- Task item -
Return each line of the data below that contains the string "Slim".

Extracted records
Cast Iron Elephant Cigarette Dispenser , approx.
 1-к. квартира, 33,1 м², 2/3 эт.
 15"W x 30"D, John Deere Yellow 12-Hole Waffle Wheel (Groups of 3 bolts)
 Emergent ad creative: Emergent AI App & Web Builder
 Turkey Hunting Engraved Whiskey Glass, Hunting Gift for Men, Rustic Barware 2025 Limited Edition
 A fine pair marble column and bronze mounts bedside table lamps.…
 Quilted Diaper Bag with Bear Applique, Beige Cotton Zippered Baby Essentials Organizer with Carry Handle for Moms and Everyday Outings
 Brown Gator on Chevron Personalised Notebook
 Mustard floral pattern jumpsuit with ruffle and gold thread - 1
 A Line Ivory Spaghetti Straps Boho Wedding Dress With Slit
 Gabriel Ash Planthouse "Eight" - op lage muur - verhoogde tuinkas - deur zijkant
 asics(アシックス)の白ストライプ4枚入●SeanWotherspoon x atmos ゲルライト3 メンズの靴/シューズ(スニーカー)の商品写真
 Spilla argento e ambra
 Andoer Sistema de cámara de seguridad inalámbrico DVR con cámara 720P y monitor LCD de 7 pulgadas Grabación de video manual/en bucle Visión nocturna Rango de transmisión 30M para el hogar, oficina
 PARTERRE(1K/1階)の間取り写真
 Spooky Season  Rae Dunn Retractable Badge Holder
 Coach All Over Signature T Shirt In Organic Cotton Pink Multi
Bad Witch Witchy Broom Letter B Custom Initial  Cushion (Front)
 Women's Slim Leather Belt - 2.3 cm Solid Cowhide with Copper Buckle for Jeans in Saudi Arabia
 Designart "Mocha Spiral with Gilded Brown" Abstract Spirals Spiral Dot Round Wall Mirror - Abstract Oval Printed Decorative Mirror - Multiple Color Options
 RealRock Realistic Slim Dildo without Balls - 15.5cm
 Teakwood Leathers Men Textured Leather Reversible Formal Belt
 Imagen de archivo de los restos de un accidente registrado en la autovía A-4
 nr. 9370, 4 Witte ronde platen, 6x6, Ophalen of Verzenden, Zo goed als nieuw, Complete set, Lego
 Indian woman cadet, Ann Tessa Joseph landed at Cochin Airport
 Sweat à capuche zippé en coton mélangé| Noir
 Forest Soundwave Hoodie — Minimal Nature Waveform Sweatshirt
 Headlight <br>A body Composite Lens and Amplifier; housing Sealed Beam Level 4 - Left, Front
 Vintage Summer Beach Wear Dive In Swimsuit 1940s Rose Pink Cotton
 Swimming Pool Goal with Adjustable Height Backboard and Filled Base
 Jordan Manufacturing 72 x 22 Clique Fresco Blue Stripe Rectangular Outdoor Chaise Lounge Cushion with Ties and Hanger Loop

- Written solution -
 Women's Slim Leather Belt - 2.3 cm Solid Cowhide with Copper Buckle for Jeans in Saudi Arabia
 RealRock Realistic Slim Dildo without Balls - 15.5cm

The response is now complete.